Da Tokyo, Kuwait City, San Francisco, Città del Messico e Singapore
Giancarlo Narciso, è conosciuto dai molti amanti del “giallo” anche con lo pseudonimo di Jack Morisco autore dei coinvolgenti romanzi di spionaggio nella collana “Segretissimo”. Appassionato dell’Oriente ha girato tutto il mondo, da Tokyo, Kuwait City, San Francisco, Città del Messico e Singapore. Vive attualmente tra Riva del Garda e l’isola di Lombok, in Indonesia. Nel 1998 vince il Premio Tedeschi con il romanzo “Singapore Sling” e nel 2006 il Premio Scerbanenco con il romanzo “Incontro a Daunanda”. Tra i suoi altri successi “Sankhara”, “Le zanzare di Zanzibar” e “Perdisa Pop (Un’ombra anche tu come me)”. Come Giancarlo Narciso ha pubblicato “Solo Fango”, coinvolgente reportage noir sull’ecomafia in Trentino
.

Come sei arrivato alla scrittura, in modo innato e inevitabile o casualmente?
«Non casualmente. A scuola l’unica materia in cui andavo bene, oltre a ginnastica e condotta, era Italiano scritto. All’inizio volevo fare il giornalista. Mi ero accorto di una cosa: ero molto bravo a convincere le persone, soprattutto quando scrivevo. Sempre con l’idea di viaggiare, cosa che poi ho realizzato seriamente, perdendomi in viaggi di tre o quattro mesi, senza il biglietto di ritorno in tasca. Viaggiando in questo ambiente variegato e multietnico, incontravo artisti, pittori, scultori e musicisti. E la domanda di rito era: “Tu cosa fai?  - “Io scrivo” -“Cosa?”. “Bé, per adesso niente, ma voglio scrivere un romanzo”. E come si chiama? Lì per lì mi venne in mente questo titolo “Le zanzare di Zanzibar”. Ho viaggiato con questo titolo in tasca per anni e non ho mai scritto niente, impegnato com’ero in altre cose. Ho iniziato a scrivere le prime righe nell’87, quando è nato mio figlio e avevo trentanove anni. Nel giro di una settimana avevo già cinquanta pagine. Poi non l’ho più preso in mano e l’ho finito due anni dopo in sei, sette mesi. Da lì ho capito che avrei fatto lo scrittore».
Da lì poi ti è arrivata l’ispirazione?
«Dopo il primo, in sette, otto anni ho scritto altri tre romanzi, che in realtà sono pochi. Uno scrittore dovrebbe fare almeno un romanzo l’anno».

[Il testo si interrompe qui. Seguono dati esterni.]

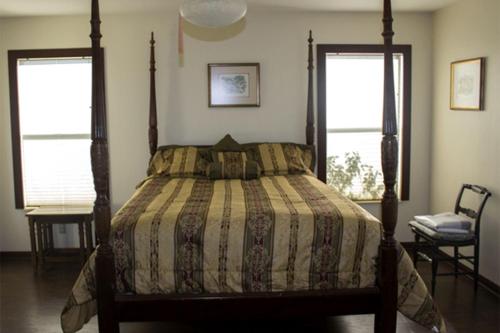 Unique Family Getaway on an Impressive Ranch near Medina in Texas Hill Country in Tarpley (TX)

Dipende anche dal tipo di romanzo forse?
«Certo, per i romanzi che sto scrivendo adesso mi bastano tre mesi, se voglio scrivere qualcosa di particolarmente intrigante, ci impiego senz’altro di più».

Che tipo di letteratura ti piace? So che ami Chandler...
«Sono affascinato dalla storia, dal duello che si crea tra lo scrittore e il lettore, come se gli dicesse: “vediamo se riesco a essere così complicato da intrigarti, ma non da scoraggiarti. Per me è importante la trama e la costruzione del personaggio. Chandler invece mi ha affascinato per come scrive, per questa sua capacità evocativa, malinconica, nostalgica e amara. Se  ci fai caso, le trame di Chandler sono spesso incomprensibili. E non era un autore prolifico, ha scritto circa sette romanzi, molti dei quali erano racconti cuciti insieme. Il romanzo che ho amato di più è  “Il lungo addio”. L’ho letto in tre lingue, varie volte e ne ho voluto fare un remake con “Singapore Sling”, con un personaggio italiano e uno spostamento temporale negli anni ’80. Ho cercato di riprodurre quell’atmosfera un po’ dilatata, per cui aspetti sempre che succeda qualcosa».

Secondo te noi italiani siamo in grado di riprodurre storie di questo tipo al cinema? Negli ultimi anni si è fatta strada la cinematografia orientale, penso per esempio al recente “Vendicami” di Johnnie To.
«In Italia di registi orientali conosciamo solo John Woo e in effetti il suo “Face off” è un capolavoro. Il problema è che in Italia non abbiamo cinematografia. Se ci fossero le troupes dei cosiddetti film di serie B di venticinque anni fa, certo che saremmo in grado di fare questo tipo di film».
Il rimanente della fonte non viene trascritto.